Volume of Essays | “Crime Victimisation in India”
November 18, 2022
A volume of essays titled “Crime Victimisation in India,” co-edited by NLSIU Vice-Chancellor Prof. Sudhir Krishnaswamy and Ph.D Scholar Varsha Aithala, has been published by Springer Nature. The volume forms a pioneering study of crime victimisation in India; conducts a rigorous empirical analysis of crime victimisation in India; and evaluates public perceptions of safety and security and performance of the police.
The volume is part of the book series “Springer Series on Asian Criminology and Criminal Justice Research (SSACCJR).”
About the Book Series
The series publishes both theoretical and empirical work along several themes in Asian Criminology, with a focus on research-level monographs and edited volumes. It aims to cover 4 main themes: the elaborations and adaptations of research models and established theories (established mainly by Western scholarship) to Asian contexts; an introduction of innovative concepts, theories and policies originating in Asian societies to Western audiences; and in-depth studies of particular Asian countries, as they reflect local traditions and cultures one hand, and a general understanding of criminal behavior or criminal justice, on the other. It will feature authors from any country of origin doing research about or pertaining to Asian countries.

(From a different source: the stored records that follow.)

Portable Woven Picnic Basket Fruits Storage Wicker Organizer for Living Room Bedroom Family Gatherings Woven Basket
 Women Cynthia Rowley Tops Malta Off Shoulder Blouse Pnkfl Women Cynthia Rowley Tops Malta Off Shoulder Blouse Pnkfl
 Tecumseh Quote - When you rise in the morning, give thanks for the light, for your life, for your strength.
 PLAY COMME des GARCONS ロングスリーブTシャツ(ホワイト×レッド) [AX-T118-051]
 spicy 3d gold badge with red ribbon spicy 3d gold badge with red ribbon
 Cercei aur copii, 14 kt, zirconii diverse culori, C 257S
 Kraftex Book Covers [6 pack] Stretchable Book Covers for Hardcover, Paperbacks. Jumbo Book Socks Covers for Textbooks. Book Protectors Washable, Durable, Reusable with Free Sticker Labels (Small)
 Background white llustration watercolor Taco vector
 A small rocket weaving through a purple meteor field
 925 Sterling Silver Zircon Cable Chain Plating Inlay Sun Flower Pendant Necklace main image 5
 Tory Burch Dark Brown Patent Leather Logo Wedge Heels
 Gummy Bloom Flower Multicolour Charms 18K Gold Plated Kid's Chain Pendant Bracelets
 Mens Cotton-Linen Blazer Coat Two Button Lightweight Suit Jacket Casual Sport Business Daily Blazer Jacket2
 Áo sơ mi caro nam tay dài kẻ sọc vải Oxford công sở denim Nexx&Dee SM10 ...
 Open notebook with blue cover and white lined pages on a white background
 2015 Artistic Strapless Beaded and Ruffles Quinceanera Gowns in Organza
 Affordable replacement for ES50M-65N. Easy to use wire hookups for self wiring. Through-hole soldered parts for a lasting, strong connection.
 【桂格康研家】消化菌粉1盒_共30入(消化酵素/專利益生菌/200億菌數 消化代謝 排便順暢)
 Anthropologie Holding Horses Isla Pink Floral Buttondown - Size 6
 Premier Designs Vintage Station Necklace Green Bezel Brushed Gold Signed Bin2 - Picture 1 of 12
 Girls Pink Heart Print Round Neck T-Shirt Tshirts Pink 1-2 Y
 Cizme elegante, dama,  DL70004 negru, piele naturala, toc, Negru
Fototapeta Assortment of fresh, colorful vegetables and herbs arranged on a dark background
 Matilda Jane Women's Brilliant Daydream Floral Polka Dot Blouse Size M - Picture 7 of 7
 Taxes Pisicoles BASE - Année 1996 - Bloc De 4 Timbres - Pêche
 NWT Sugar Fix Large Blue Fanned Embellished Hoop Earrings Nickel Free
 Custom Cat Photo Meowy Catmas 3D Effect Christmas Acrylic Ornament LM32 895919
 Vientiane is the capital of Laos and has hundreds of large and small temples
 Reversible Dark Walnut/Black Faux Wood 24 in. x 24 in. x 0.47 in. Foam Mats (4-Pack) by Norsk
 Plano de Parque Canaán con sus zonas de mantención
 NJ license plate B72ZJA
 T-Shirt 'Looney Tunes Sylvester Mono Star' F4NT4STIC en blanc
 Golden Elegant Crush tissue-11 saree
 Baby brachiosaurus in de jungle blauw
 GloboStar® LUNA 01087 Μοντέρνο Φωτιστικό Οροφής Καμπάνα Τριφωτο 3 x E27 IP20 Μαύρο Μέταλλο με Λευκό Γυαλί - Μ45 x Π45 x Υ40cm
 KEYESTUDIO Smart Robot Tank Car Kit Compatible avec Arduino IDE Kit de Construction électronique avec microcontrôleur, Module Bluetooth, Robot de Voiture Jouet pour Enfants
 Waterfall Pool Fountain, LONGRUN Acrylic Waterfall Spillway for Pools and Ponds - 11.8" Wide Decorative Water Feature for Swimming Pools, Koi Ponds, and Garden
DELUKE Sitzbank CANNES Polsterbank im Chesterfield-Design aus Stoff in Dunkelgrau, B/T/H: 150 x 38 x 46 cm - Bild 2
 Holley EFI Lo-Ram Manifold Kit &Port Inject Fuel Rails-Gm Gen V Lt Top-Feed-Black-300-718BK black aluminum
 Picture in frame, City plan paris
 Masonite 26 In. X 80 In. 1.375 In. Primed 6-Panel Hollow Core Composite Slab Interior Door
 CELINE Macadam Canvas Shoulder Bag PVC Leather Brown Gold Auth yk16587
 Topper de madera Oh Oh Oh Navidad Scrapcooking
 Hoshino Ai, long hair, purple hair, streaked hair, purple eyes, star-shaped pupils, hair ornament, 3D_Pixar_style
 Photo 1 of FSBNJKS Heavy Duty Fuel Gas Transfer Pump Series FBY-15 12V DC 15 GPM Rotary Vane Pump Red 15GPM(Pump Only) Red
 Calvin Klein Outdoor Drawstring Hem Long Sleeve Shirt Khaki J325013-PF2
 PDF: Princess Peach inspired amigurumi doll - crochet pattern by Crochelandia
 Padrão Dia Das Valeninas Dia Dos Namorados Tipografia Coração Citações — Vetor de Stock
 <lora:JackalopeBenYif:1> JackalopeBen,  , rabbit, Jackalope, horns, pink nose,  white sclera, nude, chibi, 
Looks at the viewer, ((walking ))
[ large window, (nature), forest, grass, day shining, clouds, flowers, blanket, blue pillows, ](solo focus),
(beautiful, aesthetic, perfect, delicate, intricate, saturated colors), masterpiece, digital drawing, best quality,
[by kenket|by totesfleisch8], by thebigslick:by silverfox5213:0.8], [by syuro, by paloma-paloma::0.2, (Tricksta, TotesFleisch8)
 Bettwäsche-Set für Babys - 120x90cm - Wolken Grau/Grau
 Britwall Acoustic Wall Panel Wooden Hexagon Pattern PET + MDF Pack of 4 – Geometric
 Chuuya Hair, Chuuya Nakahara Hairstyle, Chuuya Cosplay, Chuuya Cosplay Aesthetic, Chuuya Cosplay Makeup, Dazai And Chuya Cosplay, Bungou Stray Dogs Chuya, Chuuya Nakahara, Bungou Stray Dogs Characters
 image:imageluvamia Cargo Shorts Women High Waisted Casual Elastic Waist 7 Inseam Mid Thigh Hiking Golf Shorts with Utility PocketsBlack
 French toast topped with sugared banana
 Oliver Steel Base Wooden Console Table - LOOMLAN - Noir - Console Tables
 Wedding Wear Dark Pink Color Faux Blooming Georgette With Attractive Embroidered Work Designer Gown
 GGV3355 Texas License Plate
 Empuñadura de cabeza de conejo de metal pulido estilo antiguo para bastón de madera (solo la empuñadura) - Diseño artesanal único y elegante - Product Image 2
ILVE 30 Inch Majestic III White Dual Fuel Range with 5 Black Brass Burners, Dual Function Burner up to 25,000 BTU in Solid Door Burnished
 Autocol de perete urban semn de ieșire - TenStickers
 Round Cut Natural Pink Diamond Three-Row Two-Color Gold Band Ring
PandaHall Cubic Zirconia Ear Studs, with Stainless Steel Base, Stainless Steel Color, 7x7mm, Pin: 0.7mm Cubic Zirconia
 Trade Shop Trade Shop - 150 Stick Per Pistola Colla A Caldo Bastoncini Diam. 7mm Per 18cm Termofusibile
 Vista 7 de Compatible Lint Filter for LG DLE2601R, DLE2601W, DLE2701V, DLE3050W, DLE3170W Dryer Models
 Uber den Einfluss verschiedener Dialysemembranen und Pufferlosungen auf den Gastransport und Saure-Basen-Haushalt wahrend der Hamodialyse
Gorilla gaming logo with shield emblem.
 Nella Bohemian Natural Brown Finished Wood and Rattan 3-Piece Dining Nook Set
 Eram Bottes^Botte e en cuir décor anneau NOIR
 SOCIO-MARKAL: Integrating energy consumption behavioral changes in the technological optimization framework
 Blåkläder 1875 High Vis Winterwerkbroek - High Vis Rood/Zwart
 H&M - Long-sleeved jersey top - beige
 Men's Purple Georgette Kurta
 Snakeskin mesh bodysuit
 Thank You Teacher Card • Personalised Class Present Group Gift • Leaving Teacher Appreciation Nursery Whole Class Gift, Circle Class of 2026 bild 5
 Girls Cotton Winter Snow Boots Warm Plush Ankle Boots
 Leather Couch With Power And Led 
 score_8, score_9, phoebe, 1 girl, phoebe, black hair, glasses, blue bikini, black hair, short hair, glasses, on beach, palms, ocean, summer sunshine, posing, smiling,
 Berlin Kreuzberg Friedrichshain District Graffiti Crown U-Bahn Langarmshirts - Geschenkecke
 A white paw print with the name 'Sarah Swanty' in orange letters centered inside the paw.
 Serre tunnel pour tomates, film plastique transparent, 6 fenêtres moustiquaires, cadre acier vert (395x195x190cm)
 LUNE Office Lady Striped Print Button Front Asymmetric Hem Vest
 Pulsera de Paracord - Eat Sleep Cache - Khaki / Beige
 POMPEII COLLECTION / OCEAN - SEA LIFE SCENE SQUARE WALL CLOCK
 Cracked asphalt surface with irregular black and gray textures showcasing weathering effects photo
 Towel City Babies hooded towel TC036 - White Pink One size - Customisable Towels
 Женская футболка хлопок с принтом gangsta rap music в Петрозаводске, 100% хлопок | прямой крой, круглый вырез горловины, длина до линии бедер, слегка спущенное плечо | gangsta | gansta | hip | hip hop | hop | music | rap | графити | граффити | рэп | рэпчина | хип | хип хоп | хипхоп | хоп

A primal goal of state building is the establishment of conditions of safety for residents. This creates conditions for individuals to explore the world and engage in creativity and leadership, across all walks of life from economics to politics, thus positively impacting upon the culture. The criminal justice system is the state-run institutional arrangement which is tasked with creating these conditions of safety of individuals. Traditionally, policy thinking on the criminal justice system has emphasised inputs (expenditures, recruitment) and outputs (trials, prisoners). As with other elements of public policy, it is important to measure outcomes: the safety as seen by residents. Crime victimisation surveys are the fundamental building block of the criminal justice system which deliver outcomes measurement. A regular programme of such measurement can feed back into improved working of the criminal justice system, and the analysis of the causes and consequences of personal safety.